6) Accessibility and time zones
If you work with distributed teams, async is often the most inclusive option. It’s also gentler on parents, caregivers, and anyone who can’t give three uninterrupted hours.
There’s also a broader cultural shift here: remote and flexible work has made asynchronous communication more normal and, for many teams, more sustainable.

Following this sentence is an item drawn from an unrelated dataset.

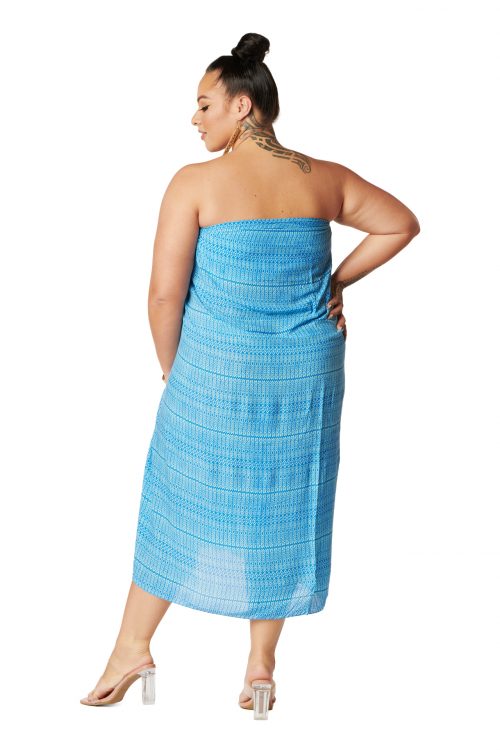Female model wearing a Pareo in Kapa print and Strong Blue-Petit Color - Back View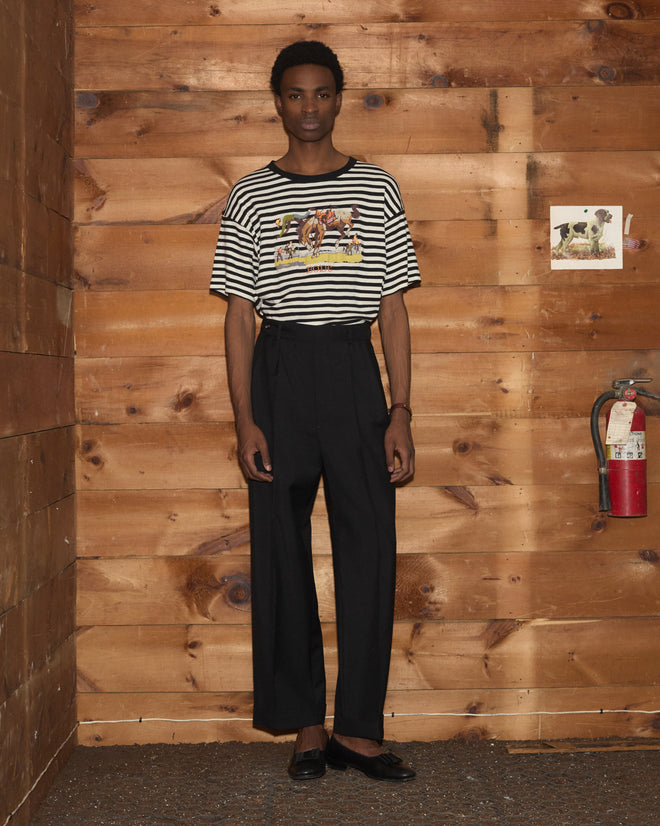 A person stands indoors, wearing the Rib Stripe Rodeo Tee and black pants, with a fire extinguisher mounted on the wooden wall behind them.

If you want context on how major employers have been navigating these shifts, there’s ongoing reporting at BBC News coverage of workplace trends, which can help you understand what your clients are experiencing behind the scenes.
Three creative workshop models you can steal (and when to use each)
Model 1: The “Async Sprint” (best for brand foundations)
Timeline: 3–5 days
- Day 1: Client completes a guided questionnaire (values, audience, competitors, “what we’re not”)
- Day 2: Stakeholders add examples of brands they admire + why (structured prompts only)
- Day 3: You synthesize into themes and ask for quick votes/comments
- Day 4–5: You deliver a one-page direction summary + next steps
Why it works: People need reflection time for brand decisions. Async also creates a paper trail you can cite later when someone asks, “Why did we choose this direction?”
Model 2: The “Live Jam” (best for campaigns and content angles)
Timeline: 90 minutes live + 30 minutes prep
- Prep: Send 5 prompts in advance (goal, audience, constraints, past wins, taboo topics)
- 0–15 min: Warm-up and constraints (what success means, what we can’t do)
- 15–55 min: Rapid idea generation using timed rounds
- 55–80 min: Cluster, name themes, vote
- 80–90 min: Assign next steps and owners
Why it works: Live energy is unbeatable when you’re chasing novelty and momentum, especially if the deliverable is a set of campaign concepts.
Model 3: The “Hybrid Proof” (best for high-stakes decisions)
Timeline: 1 week total
- Async: Collect inputs (customer quotes, competitor notes, internal pain points)
- Live: 60 minutes to interpret patterns and make decisions
- Async: Confirm decisions in writing + final sign-off
Why it works: You get the richness of evidence plus the clarity of real-time decision-making.
Costs, pricing, and what to charge (practical notes)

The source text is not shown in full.